Ma quando si parla di soggetti che vivono sotto l’ombrello della mano pubblica non bisogna cadere nell’errore di considerare solo i dipendenti dello Stato in senso stretto, bensì tutti coloro che in un modo o nell’altro –pensiamo all’immenso bacino delle società partecipate – traggono i loro redditi dalla spesa pubblica o, il che è quasi la stessa cosa, da una condizione di monopolio concessa dalla sfera politico-burocratica. In pratica il mondo che orbita intorno ad un sistema pubblico che controlla il 55% del reddito nazionale costituisce l’altra faccia di una fiscalità allargata che impedisce alla componente spontanea dell’economia, ossia l’unica in grado di realizzare ricchezza reale, di sviluppare secondo le proprie, grandi potenzialità.
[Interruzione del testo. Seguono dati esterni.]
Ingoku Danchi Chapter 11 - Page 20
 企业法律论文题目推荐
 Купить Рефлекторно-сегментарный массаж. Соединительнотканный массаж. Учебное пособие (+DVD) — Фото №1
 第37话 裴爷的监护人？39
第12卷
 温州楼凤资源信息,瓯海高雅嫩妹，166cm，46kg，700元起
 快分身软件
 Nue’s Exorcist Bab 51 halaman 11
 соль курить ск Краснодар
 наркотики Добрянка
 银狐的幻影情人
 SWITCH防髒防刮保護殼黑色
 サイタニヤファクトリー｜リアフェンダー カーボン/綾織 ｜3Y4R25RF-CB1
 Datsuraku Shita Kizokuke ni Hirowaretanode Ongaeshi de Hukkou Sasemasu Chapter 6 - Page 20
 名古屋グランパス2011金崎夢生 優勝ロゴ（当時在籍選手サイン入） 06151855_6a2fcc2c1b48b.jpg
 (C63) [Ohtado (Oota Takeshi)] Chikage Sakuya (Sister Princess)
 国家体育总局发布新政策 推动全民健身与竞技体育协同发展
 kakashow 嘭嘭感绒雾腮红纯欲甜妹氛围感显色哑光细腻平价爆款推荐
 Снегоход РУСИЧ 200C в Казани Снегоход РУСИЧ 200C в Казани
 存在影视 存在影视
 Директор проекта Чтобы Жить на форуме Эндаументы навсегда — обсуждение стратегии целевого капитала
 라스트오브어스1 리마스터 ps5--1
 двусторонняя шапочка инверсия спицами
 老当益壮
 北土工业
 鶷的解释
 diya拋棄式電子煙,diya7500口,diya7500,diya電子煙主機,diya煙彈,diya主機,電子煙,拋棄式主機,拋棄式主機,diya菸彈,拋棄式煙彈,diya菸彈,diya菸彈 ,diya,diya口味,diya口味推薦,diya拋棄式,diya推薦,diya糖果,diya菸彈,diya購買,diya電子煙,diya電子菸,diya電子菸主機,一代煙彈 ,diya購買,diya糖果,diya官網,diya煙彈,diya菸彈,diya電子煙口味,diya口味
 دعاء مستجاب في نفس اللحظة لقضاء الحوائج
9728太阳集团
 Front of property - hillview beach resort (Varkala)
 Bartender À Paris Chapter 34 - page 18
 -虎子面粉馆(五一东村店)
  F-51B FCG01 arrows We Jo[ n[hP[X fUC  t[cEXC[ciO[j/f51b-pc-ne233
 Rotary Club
E se una volta il settore del commercio, dell’artigianato e delle piccola impresa costituiva una sostanziale valvola di sfogo per una economia già troppo affetta da un eccesso di spesa pubblica e di tassazione, attualmente i crescenti costi che lo Stato impone anche a chi si azzarda ad alzare una saracinesca sono tali da scoraggiare qualunque forma di intrapresa.

Ma dal momento che chiunque si trovi ad occupare la stanza dei bottoni non sembra far altro che promettere nuovi pasti gratis per tutti, illudendo un popolo di sprovveduti che si possa coniugare il citato eccesso di spesa pubblica con una straordinaria ripresa – per la cronaca sempre dietro l’angolo – non vediamo come possa tornare la nostra antica propensione al rischio d’impresa, così da determinare le condizioni concrete per far lievitare le assunzioni.